When Light Bends to the Collective Will: A Theory and Vision for Adaptive Photonic Scale-up Domains
Vamsi Addanki
TL;DR
Addresses the bottleneck of collective communication in scale-up domains by integrating adaptive photonic interconnects into a principled framework. The core idea is to express each collective step as a matching, decompose the aggregate demand matrix with a Birkhoff–von Neumann decomposition, and connect throughput to the maximum concurrent flow through the $\alpha$-$\beta$ model, yielding the step-level completion time $DCT(m_i\cdot\mathcal{M}_i)=\alpha+\delta\cdot\ell_i+\beta\cdot m_i/\theta(G,\mathcal{M}_i)$ and total time.

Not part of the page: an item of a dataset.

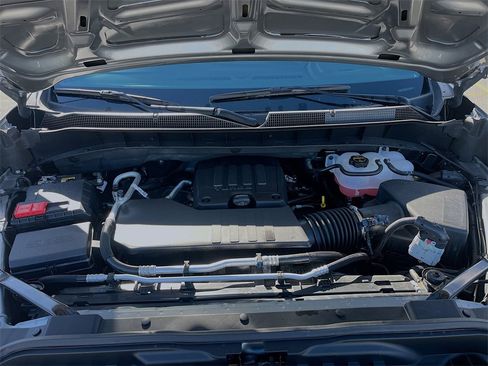 Used 2025 Chevrolet Silverado 1500 LT image 30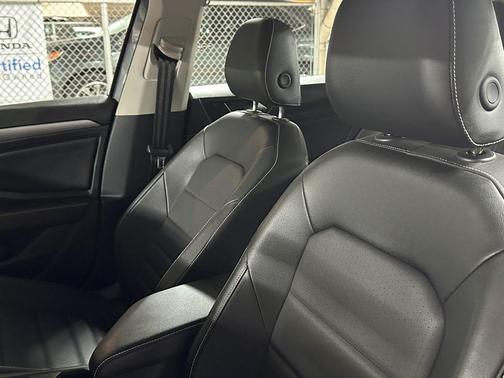 Platinum Gray Metallic 2024 Volkswagen Jetta 1.5T SE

The paper then formulates a mixed‑integer program to decide when to reconfigure, balancing reconfiguration delay $\alpha_r$ against congestion and propagation, and demonstrates regime‑dependent gains via a flow‑level simulator. It also outlines a research agenda for fast heuristics, simplified congestion metrics, routing in dynamic topologies, and practical photonic integration, pointing toward a future where light bends to the collective will.
Abstract
As chip-to-chip silicon photonics gain traction for their bandwidth and energy efficiency, collective communication has emerged as a critical bottleneck in scale-up systems. Programmable photonic interconnects offer a promising path forward: by dynamically reconfiguring the fabric, they can establish direct, high-bandwidth optical paths between communicating endpoints -- \emph{synchronously and guided by the structure of collective operations} (e.g., AllReduce). However, realizing this vision -- \emph{when light bends to the collective will} -- requires navigating a fundamental trade-off between reconfiguration delay and the performance gains of adaptive topologies. In this paper, we present a simple theoretical framework for adaptive photonic scale-up domains that makes this trade-off explicit and clarifies when reconfiguration is worthwhile. Along the way, we highlight a connection -- not surprising but still powerful -- between the Birkhoff--von Neumann (BvN) decomposition, maximum concurrent flow (a classic measure of network throughput), and the well-known $α$-$β$ cost model for collectives. Finally, we outline a research agenda in algorithm design and systems integration that can build on this foundation.